== Segment start ==

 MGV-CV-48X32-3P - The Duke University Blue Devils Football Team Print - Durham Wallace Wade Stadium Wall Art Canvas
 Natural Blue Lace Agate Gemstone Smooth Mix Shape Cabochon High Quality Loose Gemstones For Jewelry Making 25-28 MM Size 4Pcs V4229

== Segment end ==
== Segment start ==

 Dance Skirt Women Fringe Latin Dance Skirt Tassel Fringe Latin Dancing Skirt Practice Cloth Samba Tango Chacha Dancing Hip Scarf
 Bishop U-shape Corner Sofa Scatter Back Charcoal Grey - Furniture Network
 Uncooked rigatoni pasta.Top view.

== Segment end ==
== Segment start ==

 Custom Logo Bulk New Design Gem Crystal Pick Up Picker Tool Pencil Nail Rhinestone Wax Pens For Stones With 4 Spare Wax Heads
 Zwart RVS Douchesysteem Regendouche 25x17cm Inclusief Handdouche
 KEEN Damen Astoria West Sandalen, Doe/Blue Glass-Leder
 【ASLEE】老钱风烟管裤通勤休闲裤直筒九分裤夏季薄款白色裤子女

== Segment end ==

What you have to do » Would you output, from the records above, exactly the run of lines that starts at the line containing "MGV-CV-48X32-3P - The" and ends at the line containing "Natural Blue Lace", and only that run?

Answer »
 MGV-CV-48X32-3P - The Duke University Blue Devils Football Team Print - Durham Wallace Wade Stadium Wall Art Canvas
 Natural Blue Lace Agate Gemstone Smooth Mix Shape Cabochon High Quality Loose Gemstones For Jewelry Making 25-28 MM Size 4Pcs V4229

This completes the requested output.